- Born: K. M. Balakrishnan 15 July 1929 (age 96) Elumalai, Tamil Nadu, India
- Occupations: writer, actor, producer, director
- Spouse: Pushpavalli
- Children: 6
- Awards: Kalaimamani (2017)

= Kalaignanam =

Cine artist

Kalaignanam (born K. M. Balakrishnan), is an Indian writer, actor, producer and director who works in Tamil films.

==Early life==
Kalaignanam was born in Elumalai Village.

==Cinema career==
Rajinikanth essayed first independent lead role in the movie Bairavi produced by Kalaignanam. Bairavai movie was produced under the production company name Valli Velan movies.

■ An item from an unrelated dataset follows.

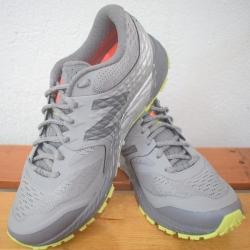 new balance donna ss19 new balance donna ss19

After the success of the movie later Kalaignanam produced his movies under the production company name Bhairavi productions.

==Partial filmography==

As director
| Film | Year |
|---|---|
| Aaru Pushpangal | 1977 |
| Alli Darbar | 1978 |
| Nellikani | 1981 |
| Neethikku Oru Penn | 1984 |

As actor
| Film | Year |
|---|---|
| Idhu Namma Aalu | 1988 |
| Kathai Thiraikathai Vasanam Iyakkam | 2014 |
| Naachiyaar | 2018 |

As story writer
| Film | Year |
|---|---|
| Kathal Paduthum Padu | 1966 |
| Veguli Penn | 1971 |
| Kurathi Magan | 1972 |
| Anbai Thedi | 1974 |
| Thangathile Vairam | 1975 |
| Kanavan Manaivi | 1976 |
| Bairavi | 1978 |
| Ilanjodigal | 1982 |
| Miruthanga Chakravarthi | 1983 |
| Amman Kovil Thiruvizha | 1990 |
| Pudhupatti Ponnuthaayi |  |

As Producer
| Film | Year |
|---|---|
| Bairavi | 1978 |
| Jyothi malar | 1986 |
| Raja Rishi | 1985 |

==Books==
He has written his cinema experiences as four volume of books named Cinema secret.

==Personal life==
Kalaignanam's elder son Murugan died in September 2017.